A report released earlier this year by the Civil Rights Project analyzed 40 states, the District of Columbia, and several dozen metropolitan areas with large enrollments of charter school students and found that charter schools are more racially isolated than traditional public schools.
Seventy percent of Black charter school students attend “intensely segregated” charter schools, and half of Latino charter school students nationwide attend racially isolated minority schools, the study noted. Also, when compared to other regions around the country, the Midwest has higher concentrations of Black students enrolled in charter schools.
Coverage of issues of race and race relations, cultural diversity and immigrant health issues is funded in part by a grant from the F.R. Bigelow Foundation.
Locally, over half of Twin Cities charter schools are non-White according to a November 2008 Institute on Race and Poverty report.
Most of the students that attend Higher Ground Academy, a St.

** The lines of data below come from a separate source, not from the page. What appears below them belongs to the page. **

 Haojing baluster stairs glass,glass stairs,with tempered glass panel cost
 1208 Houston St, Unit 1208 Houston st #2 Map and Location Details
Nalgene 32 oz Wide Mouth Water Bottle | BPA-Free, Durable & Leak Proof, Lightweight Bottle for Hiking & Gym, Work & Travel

Paul K-12 charter school, are from East African countries, said its director, Bill Wilson, in a phone interview. He reported that “About 75 percent are from Somalia, [and] another 15 percent are from Ethiopia – two very different communities, belief systems [and] structures, differences in culture but some similarities, too. And another 10 percent are African American.”

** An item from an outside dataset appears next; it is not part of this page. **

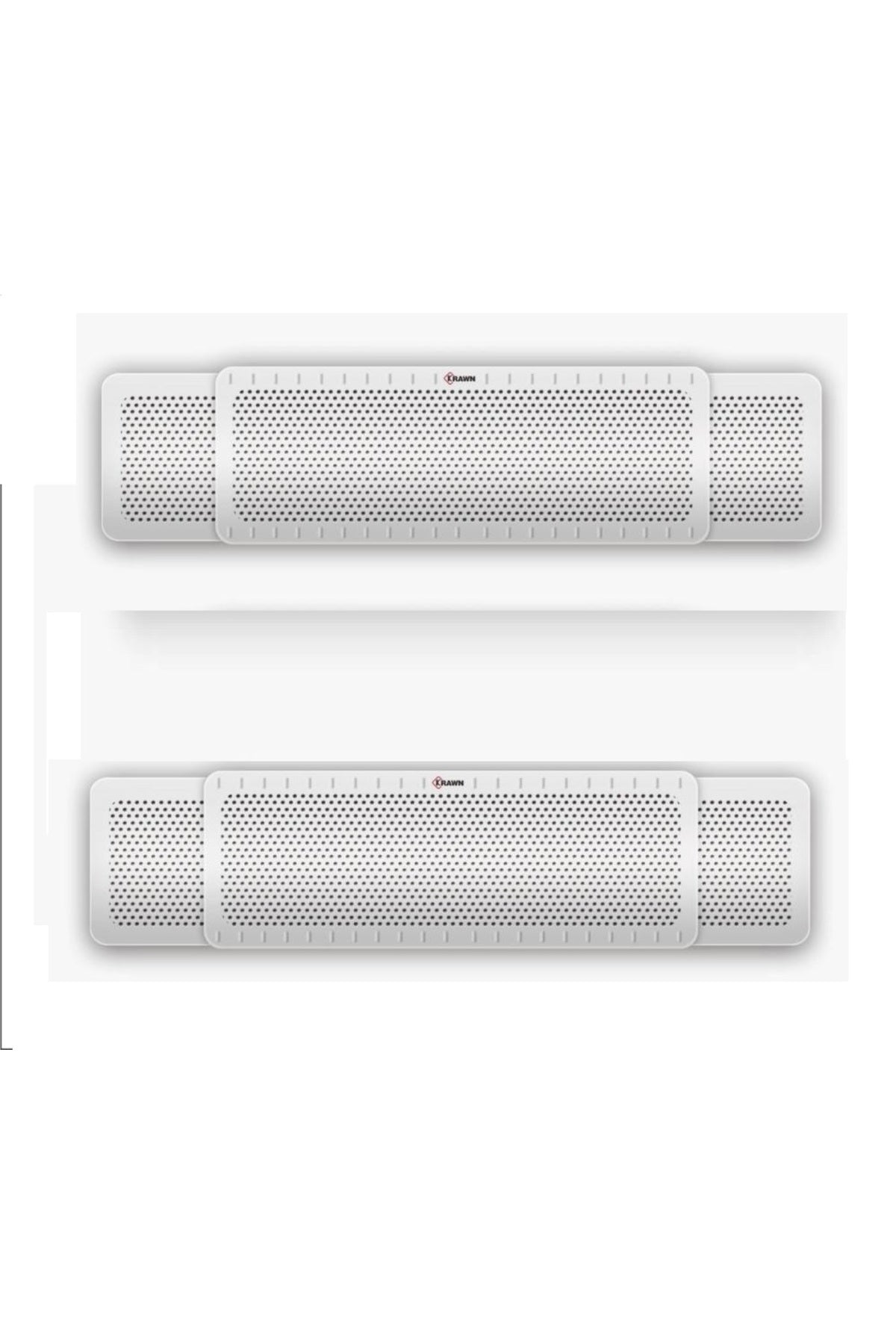 2Air Conditioner Air Deflector,Adjustable Air Diffuser,Solid, Durable,Reversible for Home&Office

Nonetheless, Wilson said he strongly disagrees with the notion that charter schools promote racial segregation. “That is absolutely not the case,” he told the MSR last week.
“All charter schools by law are schools of choice. That [choice] is something we didn’t have under a segregated society. When people exercise their choice, who are [critics] to say it is the wrong choice? People basically who make that statement are trying to choose for people.

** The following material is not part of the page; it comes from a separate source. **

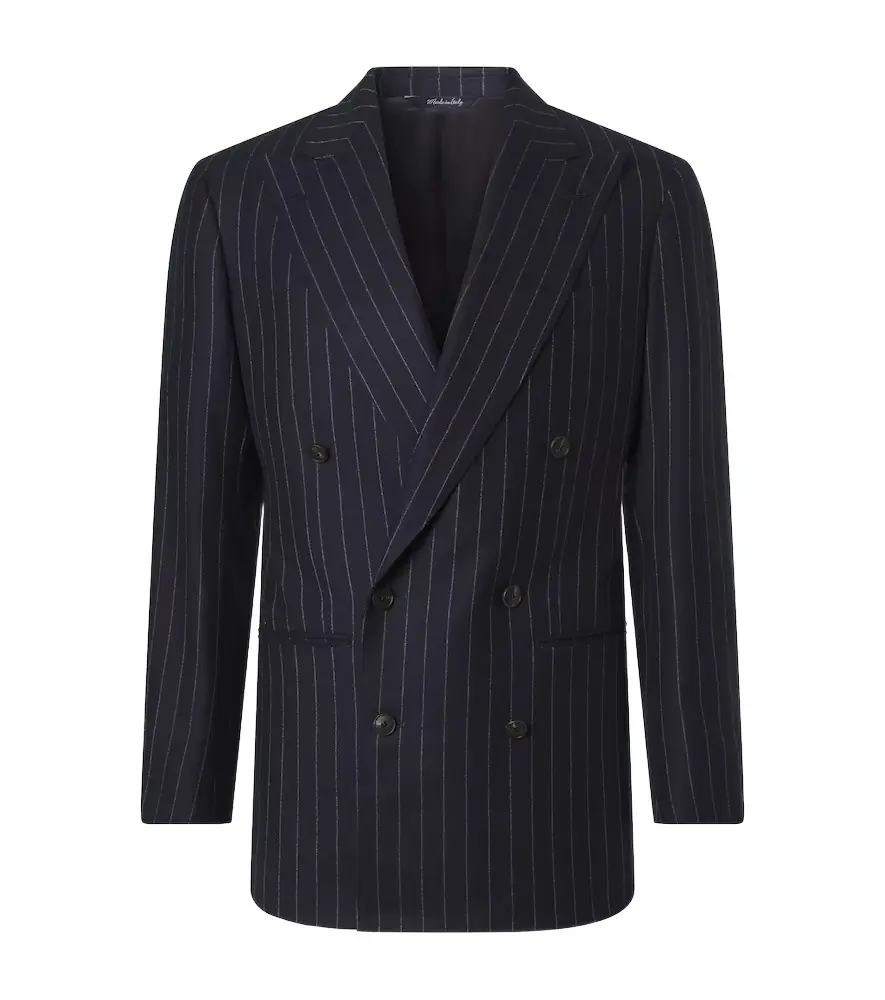 Saman Amel Striped wool blazer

“[Parents] are deciding by choice where they want their children to go to school,” continued Wilson. “It is primarily and fundamentally based on the idea that those children get a better education at that school than they were getting at other schools. If they are getting a worse education, they’d leave.”
The issue of whether charter schools are too segregated was discussed by a panel of charter school proponents and critics at the 2010 National Charter Schools Conference in Chicago June 28-July 1.
“To what extent are charter schools racially, economically and academically segregated?” asked Chicago-based Renaissance School Fund CEO Phyllis Lockett, who moderated the discussion. “We have to serve kids where they are,” she said, “and most of our communities are segregated.”
There is no right answer, claimed Western Michigan University education professor Gary Miron, who released a 60-page report on charter schools last February. He surmised that charter schools have contributed to both “White flight” and “Black flight” in many communities around the country, which has helped create a great number of schools now separated into “minority” and “White.”
“We are [also] seeing parents choosing [segregation]” for their children’s education, Miron added.
“If we were really worried about integration and segregation, perhaps we might want to look at the 95 percent of kids in traditional public schools who are in segregated schools,” said University of Arkansas education policy professor Gary Ritter. “When we talk about integration and segregation, it might be looking for another way to criticize charter [schools]. And these charters that are segregated are schools of choice and are not the result of forced segregation.”
Ritter pointed out that White students often leave integrated traditional public schools to go to charter schools that are mostly White, whereas Blacks tend to leave already segregated public schools to attend equally segregated charter schools. He also suggested that more charter schools being established in mostly Black neighborhoods or neighborhoods with mostly low-income residents is a result of “intended segregation.”
Black Alliance for Educational Options (BAEO) President Kenneth Campbell believes this as well: “I am a strong proponent that [charter] schools are open and available for all students,” he said. “While integrated schools are an important goal, I think the primary goal is to get all kids quality [education].
“The civil rights struggle around integrated schools was not integration for integration’s sake,” said Campbell. “It was about quality education for all kids. Schools are local,” he added. “We have to understand [our] neighborhoods.”
Among the panel discussion attendees was Nina Gilbert of Atlanta, Ga., who in 2008 started an all-girls charter school for grades 6-12; it is 80 percent females of color. She said afterwards that she encountered some resistance to starting her school, and state officials first denied her charter application in 2007.
“We found that this single [-gender] environment has been very effective,” Gilbert explained. “There is no posturing for the attention of boys. [The students] are all performing at high levels. We could be single gender and have a terrible curriculum and terrible teachers, and the single-gender model won’t work. It’s about having great practices, and the single-gender element is just one element.”
All schools “should speak to the issues of our communities,” said Ref Rodriguez, president and CEO of Partners for Developing Futures, an organization that operates Latino charter schools in Los Angeles.
“Although [integration] should be a goal,’ concluded moderator Lockett, “I think the issue is not about integration. It’s really about quality [education].